From Sunday’s sermon, an opening point was that you can break a cycle of bad decisions or generational sins. The following story is one that I wanted to include but chose not to. Yet it’s message still resonates. “And everyone who has left houses, brothers or sisters, father or mother, children, or fields because of My name will receive 100 times more and will inherit eternal life. But many who are first will be last, and the last first.” (Matthew 19:29-30)
Alfred Nobel dropped the newspaper and put his head in his hands. It was 1888. Nobel was a Swedish chemist who made his fortune inventing and producing dynamite. His brother Ludvig had died in France. But now Alfred’s grief was compounded by dismay. He’d just read an obituary in a French newspaper—not his brother’s obituary, but his! An editor had confused the brothers. The headline read, “The Merchant of Death Is Dead.” Alfred Nobel’s obituary described a man who had gotten rich by helping people kill one another. Shaken by this appraisal of his life, when he died eight years later, he left more than $9 million to fund awards for people whose work benefited humanity. The awards became known as the Nobel Prize.

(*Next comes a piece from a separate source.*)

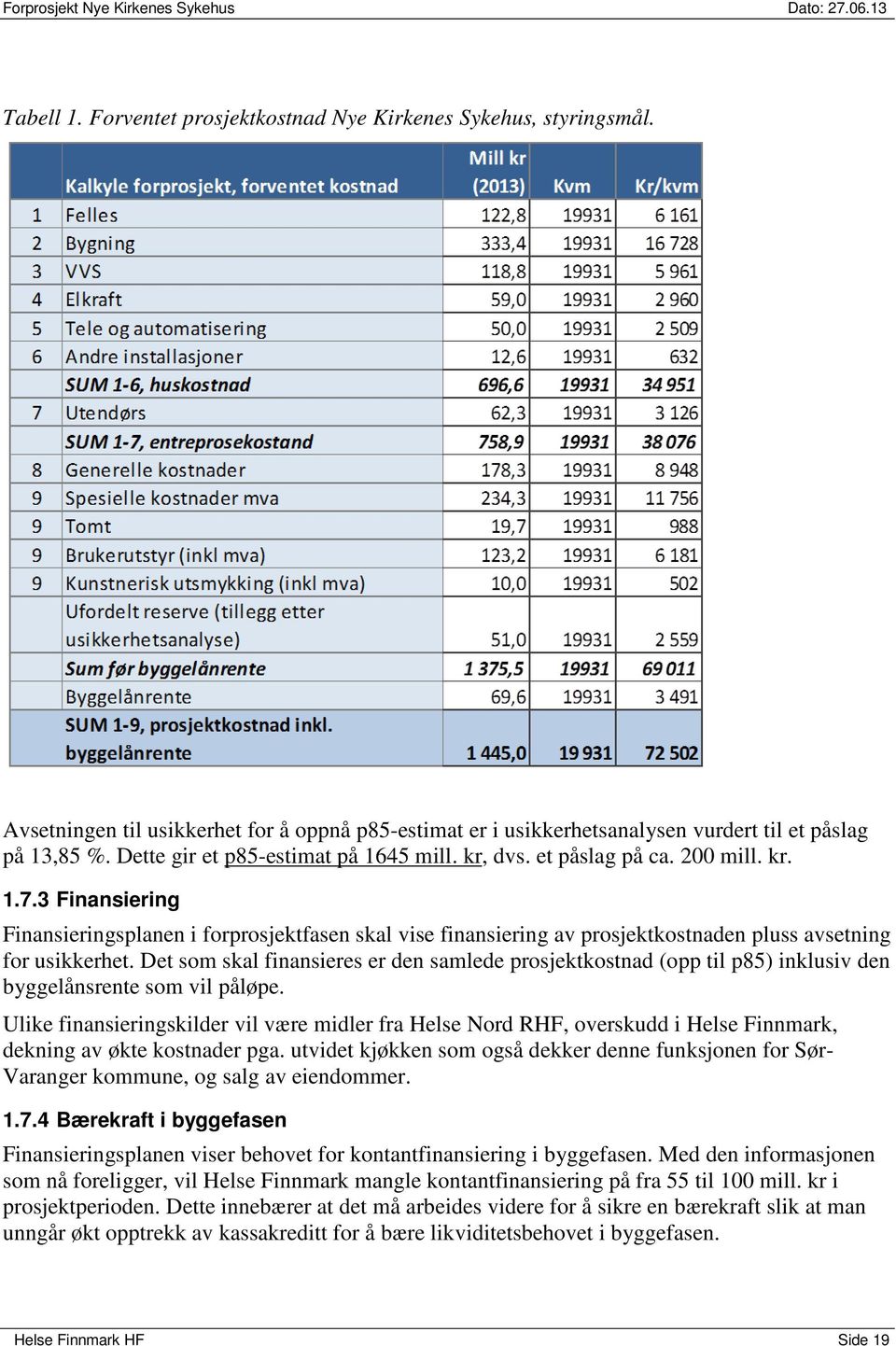 3 Finansiering Finansieringsplanen i forprosjektfasen skal vise finansiering av prosjektkostnaden pluss avsetning for usikkerhet.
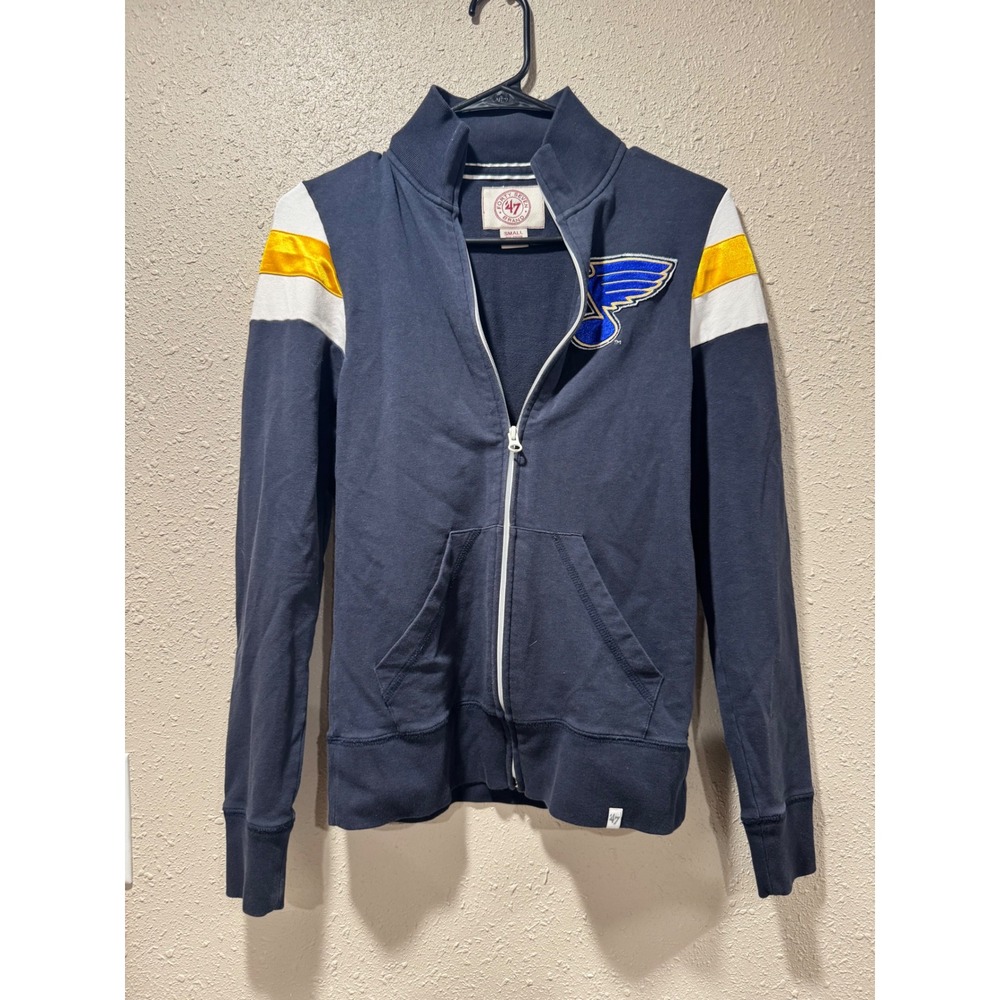 47 Brand St Louis Blues Full Zip Track Jacket Navy Blue Women Small NHL Hockey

Alfred Nobel had a rare opportunity—to look at the assessment of his life at its end and still have the chance to change it. Before his life was over, Nobel made sure he had invested his wealth in something of lasting value.
Ask yourself, “Five minutes after I die, what will I wish I would have given away while I still had the chance?” When you come up with an answer, why not give it away now? Why not spend the rest of our lives closing the gap between what we’ll wish we would have given and what we really are giving?
Nobel managed to change his legacy in this world. We have the far more strategic opportunity to change our legacy in the world to come.